Several new technological developments that may impact the neurotechnology industry toward 2010 were discussed. Electrode design represents one of the most significant areas of technological improvement for the neurotechnology industry. As microelectrodes become smaller and their electrical and material properties become more rich, they will offer new capabilities to neural engineers building stimulation and sensing products.

One of the most significant advances to date in electrode design is the nerve cuff electrode, developed at Case Western Reserve University's (Cleveland, Ohio) department of biomedical engineering. The nerve cuff electrode forms an electrical "collar" around a nerve trunk, and "thereby offers several independent locations around the circumference of the cuff where stimulation can be delivered," said Warren Grill, PhD, associate professor of biomedical engineering at Case Western. "These independent locations deliver a much higher degree of specificity than do traditional electrodes with just one stimulation location, enabling engineers in many cases to select the specific nerve fibers to be activated."

Another area of improvement in electrode design incorporates stimulation and sensing functions into the same electrode, an important consideration for neural prostheses that make use of feedback from the nerve or muscle being stimulated to control stimulation patterns.

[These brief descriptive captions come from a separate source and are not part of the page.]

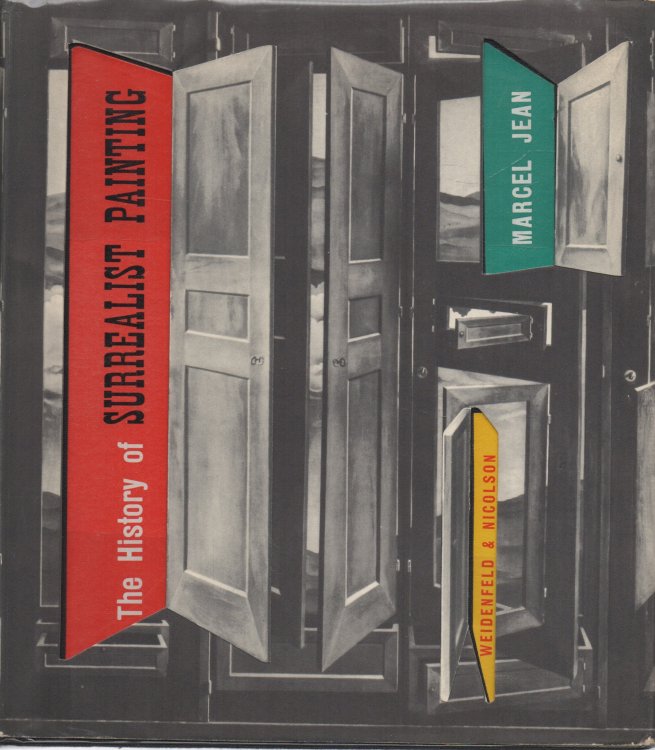Image for The History of Surrealist Painting The History of Surrealist Painting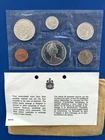 6 Coin 1965 Canada Mint Set  Uncirculated ~ RCM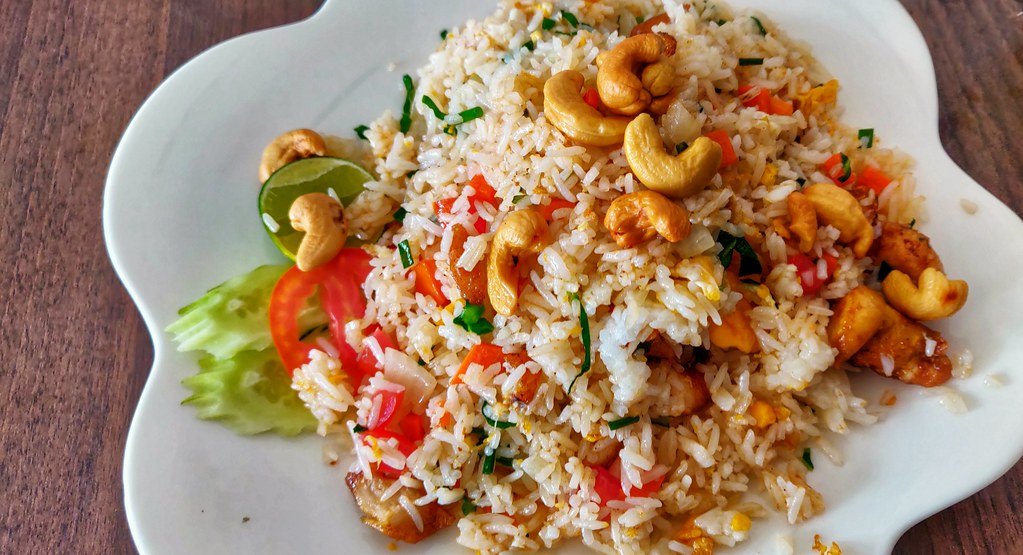 Cashew Chicken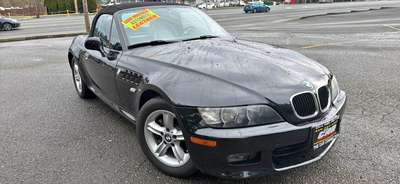 2002 BMW Z3 - 2.5i Roadster 2D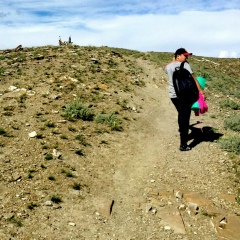 Эрес Ондар, 20.04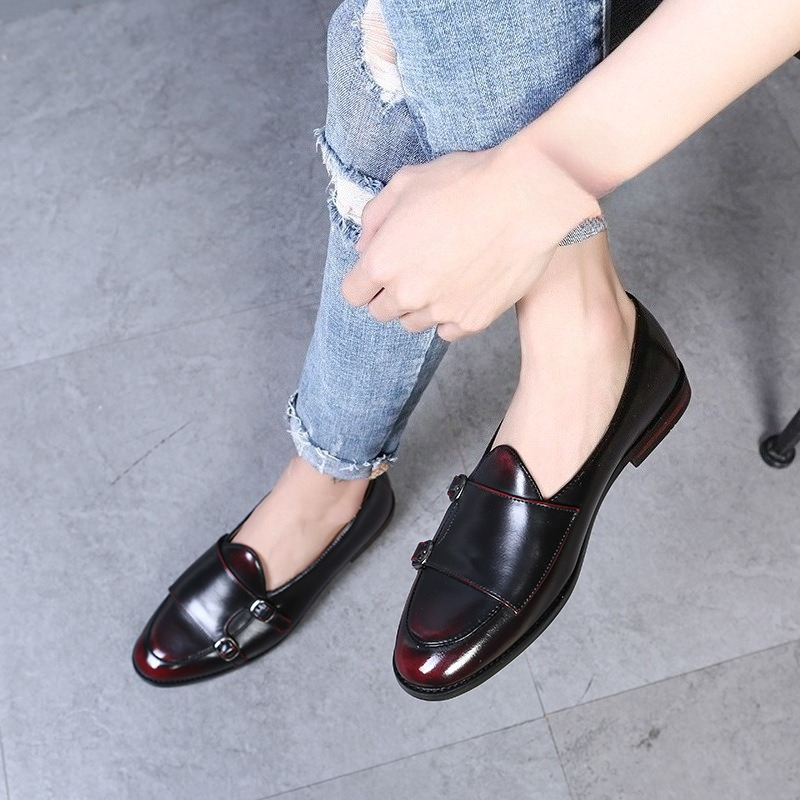 Scarpe Casual in Pelle Vintage - Vintage Fashion Rome recensione e prezzo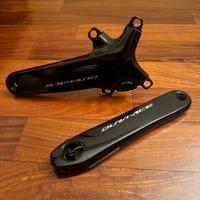 Guarnitura Shimano Dura ace Potenziometro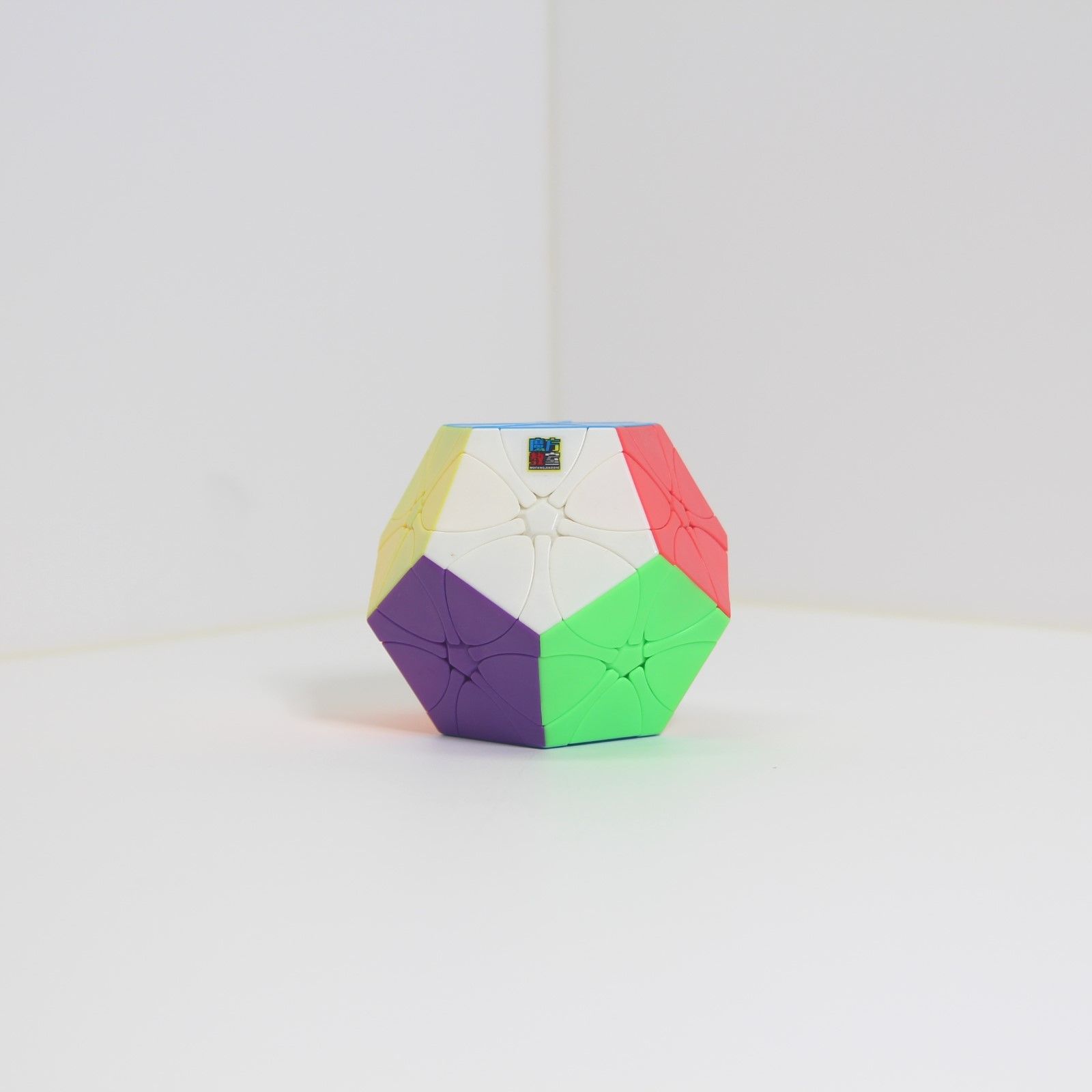 Cube Photo of Rediminx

In addition, researchers talked about advances in signal processing hardware and software that will lead to new developments in future neurotechnology products. In particular, sensors that analyze electroencephalographic or magnetoencephalographic data in order to diagnose neurological, psychiatric, or behavioral abnormalities will benefit from new software algorithms and signal-processing electronics. "The mechanisms of central nervous system control over human cognitive and motor functions are so poorly understood that efforts to replicate or restore are severely hindered," said Jennifer French, executive director of the Society To Increase Mobility (Tampa, Florida). "Software and hardware signal processors that analyze data from multiple channels simultaneously will help researchers identify patterns that correspond reliably to mental states or conditions."